The reply should hold only the lines from the one with "Un centro commerciale" to the one with "Toyota Veloz Cross", both ends kept, exactly as they appear below, without any pictures.

Entries provided:
▬▬▬▬▬▬▬▬▬▬
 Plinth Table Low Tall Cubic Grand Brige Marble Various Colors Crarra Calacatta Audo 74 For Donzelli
▬▬▬▬▬▬▬▬▬▬
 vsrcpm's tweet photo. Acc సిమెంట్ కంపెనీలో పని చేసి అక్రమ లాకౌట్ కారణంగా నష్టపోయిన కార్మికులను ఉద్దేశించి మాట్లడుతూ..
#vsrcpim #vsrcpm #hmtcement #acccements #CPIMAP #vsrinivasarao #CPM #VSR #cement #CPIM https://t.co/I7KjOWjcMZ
▬▬▬▬▬▬▬▬▬▬
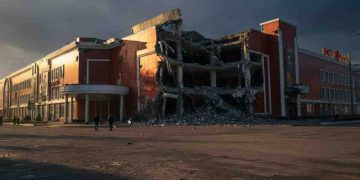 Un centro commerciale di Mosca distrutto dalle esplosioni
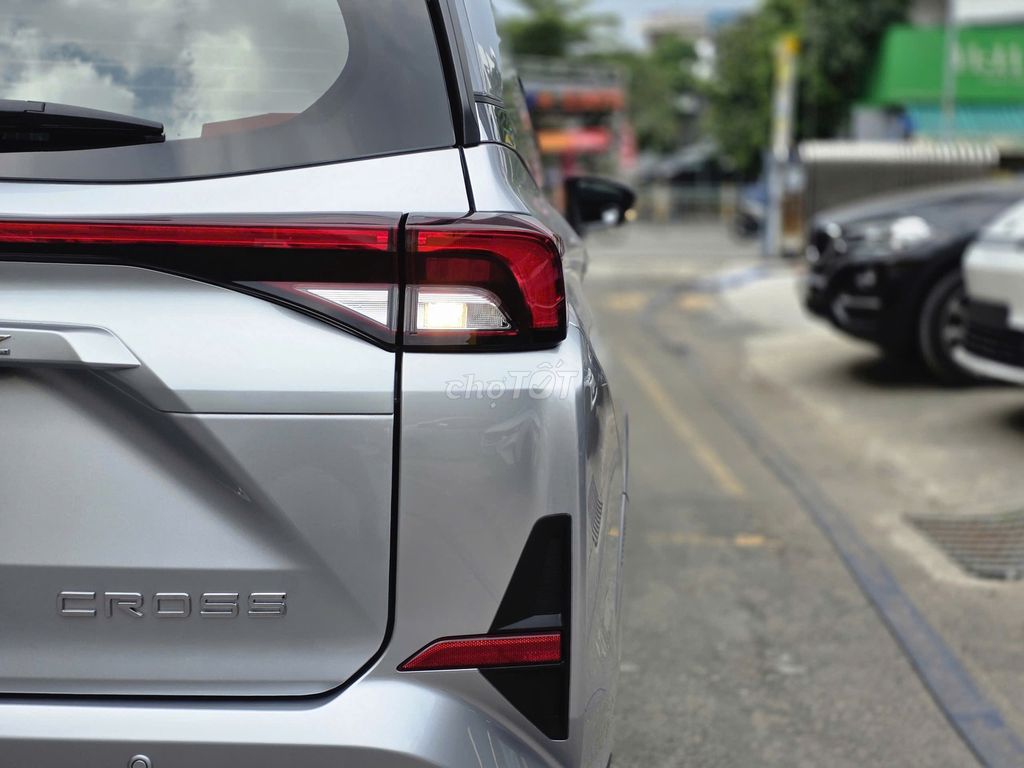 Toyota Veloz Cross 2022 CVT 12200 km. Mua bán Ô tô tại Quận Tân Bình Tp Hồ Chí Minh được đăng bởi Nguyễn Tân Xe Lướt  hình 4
▬▬▬▬▬▬▬▬▬▬
Result of this exercise:
 Un centro commerciale di Mosca distrutto dalle esplosioni
 Toyota Veloz Cross 2022 CVT 12200 km. Mua bán Ô tô tại Quận Tân Bình Tp Hồ Chí Minh được đăng bởi Nguyễn Tân Xe Lướt  hình 4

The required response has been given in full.